• _Problem_: Apart from the images, the entire listing below must be restated word for word.

• _Supplied data_:
__________

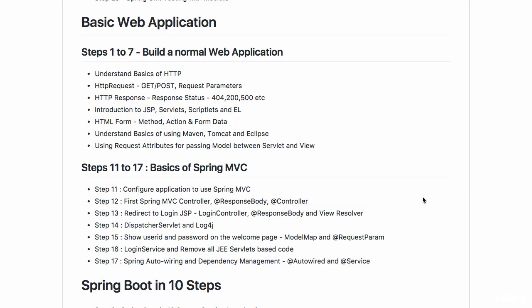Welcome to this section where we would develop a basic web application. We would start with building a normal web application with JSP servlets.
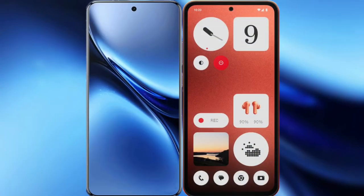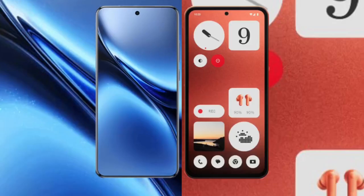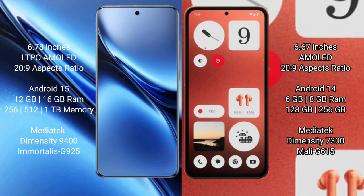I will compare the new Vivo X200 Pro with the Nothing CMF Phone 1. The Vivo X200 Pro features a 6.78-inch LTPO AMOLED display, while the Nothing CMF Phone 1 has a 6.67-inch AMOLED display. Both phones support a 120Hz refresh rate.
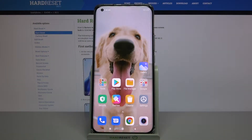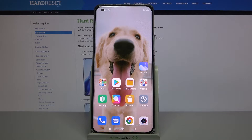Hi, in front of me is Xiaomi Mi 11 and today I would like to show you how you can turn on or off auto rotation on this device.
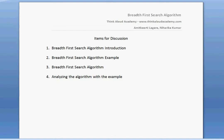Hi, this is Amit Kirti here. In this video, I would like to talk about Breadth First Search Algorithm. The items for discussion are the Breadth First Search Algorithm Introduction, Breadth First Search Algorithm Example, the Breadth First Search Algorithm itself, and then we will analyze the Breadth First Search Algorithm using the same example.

__________

• _Written solution_:
Welcome to this section where we would develop a basic web application. We would start with building a normal web application with JSP servlets.
I will compare the new Vivo X200 Pro with the Nothing CMF Phone 1. The Vivo X200 Pro features a 6.78-inch LTPO AMOLED display, while the Nothing CMF Phone 1 has a 6.67-inch AMOLED display. Both phones support a 120Hz refresh rate.
Hi, in front of me is Xiaomi Mi 11 and today I would like to show you how you can turn on or off auto rotation on this device.
Hi, this is Amit Kirti here. In this video, I would like to talk about Breadth First Search Algorithm. The items for discussion are the Breadth First Search Algorithm Introduction, Breadth First Search Algorithm Example, the Breadth First Search Algorithm itself, and then we will analyze the Breadth First Search Algorithm using the same example.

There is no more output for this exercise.